Dans mes lectures des premiers romans, cuvée automne 2012, la série noire continue. Il faut croire que la génération des écrivains d'aujourd'hui est hantée par la maladie, par la mort.
Pour que le lecteur n'ait aucun doute sur la noirceur du propos du premier roman d'Olivier Vanghent, l'éditeur a choisi une couverture de circonstance et, en quatrième de cette couverture de deuil, il nous précise l'origine du titre:
"Entre-sort, subst. masc.: Baraque foraine dans laquelle on expose des monstres.
Roman-baraque, L'Entre-sort donne à voir les monstres de notre société: un homme et une femme, simplement."
Bien que tout cela ne soit guère engageant, le lecteur doit tout de même habiter dans cet entre-sort, l'espace de deux à trois heures tout au plus.
Lui est dans un état pitoyable, à la suite d'un accident. Il est tout couturé, de haut en bas. Ses "yeux seuls parviennent encore à se mouvoir". Il ne veut pas savoir ce qui l'a conduit dans cet hôpital:
"Je ne souffrirais pas être responsable de mon malheur. Je ne tolérerais pas plus qu'un autre en fût la cause."
Le lecteur n'en saura pas plus sur la cause, s'il est mis au courant des effets. Car lui ne lui épargne aucun de ses tourments. L'hôpital (où il gît sur une "couche que l'on borde et déborde pour" lui "donner l'illusion d'un devenir")?

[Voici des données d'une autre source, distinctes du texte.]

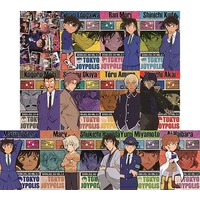 (Full Set) Postcard - Meitantei Conan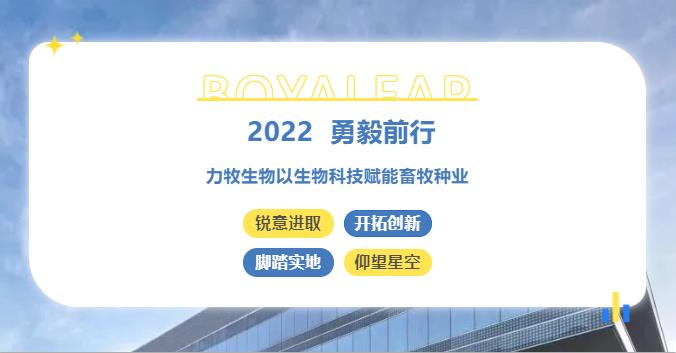 年终盘点丨2022勇毅前行 尊龙凯时基因生物以生物科技赋能畜牧种业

"L'enfer, c'est ici. Auprès de ces infirmières qui n'ont d'angélique que la couleur de leur blouse, de nimbe que sous les bras."
Elle, sa femme, est à côté de lui. "Elle écoute et transcrit". Mais il sait trop bien qu'elle est "empêchée de vivre", du seul fait qu'il n'est pas mort:
"Sur mon lit d'hôpital, elle se sent obligée. Elle me regarde. Elle tient ma main molle. L'infirmité est un supplément d'intimité. Je tousse un vas-t'en. Elle souffle un chéri. Elle sourit. Elle me regarde. A force de contenir ses larmes, elle se noie."
Elle comprend qu'elle doit le tuer, qu'il le veut. Elle le fait donc avec les moyens du bord: "une lime à ongles, un coupe-papier", sortis de sa trousse de beauté. Mais elle est affligée de l'avoir fait par obéissance, comme toujours:
"J'aimerais l'avoir tué sans qu'il m'en ait soufflé l'idée, sans qu'il m'en ait donné l'ordre. J'aimerais l'avoir tué par amour, rien que par amour."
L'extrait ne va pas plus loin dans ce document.